Sudan rebels offer "tranquility" and not ceasefire
The Sudan People's Liberation Army (SPLA) "wants to make clear its position. We do not accept a ceasefire as proposed by the government," rebel spokesman Yasser Arman said on the telephone from Eritrea.
"We are ready to create a conducive atmosphere for the talks once they are resumed by observing restraint and not engaging in offensive actions -- what we call days of tranquility -- when the talks are actually in session," he said.
Khartoum has demanded a nationwide ceasefire as its price for resuming peace talks previously held in Machakos, Kenya, which it abandoned on September 2 in protest at the SPLA's capture of the key southern garrison town of Torit.
The Kenyan chairman of the talks, General Lazaros Symbio, is due Tuesday in Khartoum to convince the regime of President Omar al-Beshir to return to the negotiating table.
The government and the SPLA were negotiating in Machakos the implementation of a preliminary accord brokered by the United States, Britain and Norway to end the 19-year war, signed in the same town in July.
Under the agreement, the mainly Christian and animist south were to enjoy six years of self-rule, before deciding in a referendum whether it wants to secede or remain part of Sudan, which is dominated by the Arab and Muslim north.

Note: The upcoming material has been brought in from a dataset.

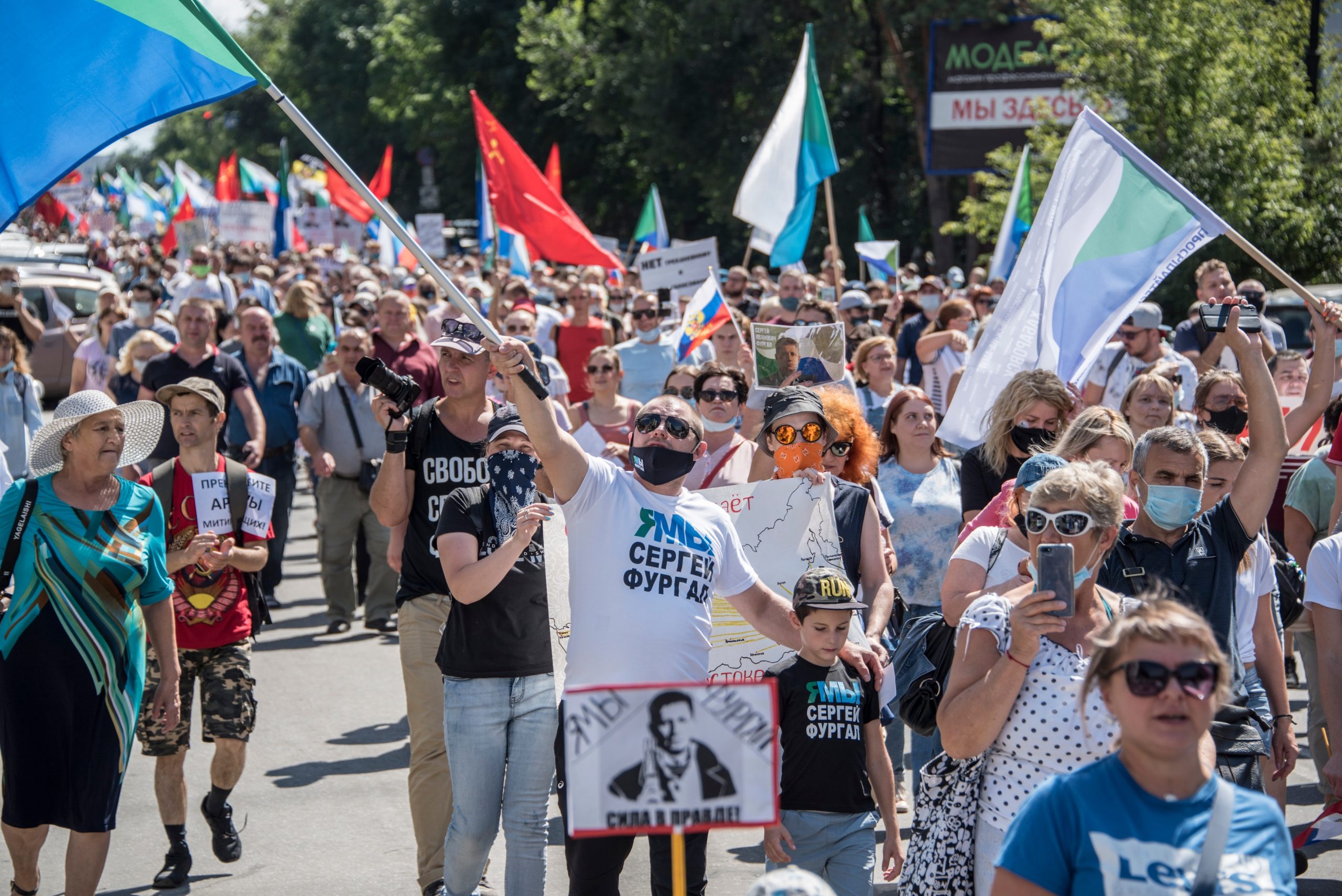 „Putin, bea niște ceai”: Noi proteste anti-Kremlin față de presupusa otrăvire a lui Navalnîi, în orașul rusesc Khabarovsk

Meanwhile, Arman accused Khartoum of keeping up military pressure to recover Torit and other regions of Eastern Equatoria province despite Symbio's visit.
Government troops "attempted to go round our positions but they failed," he said.
Arman pointed out that if the talks resume, the SPLA would bring up the issue of the actual boundaries of the self-rule region despite Khartoum's insistence that it should only cover ten out of Sudan's 26 provinces.
He added the SPLA would also seek a restructuring of the central government to increase the south's influence.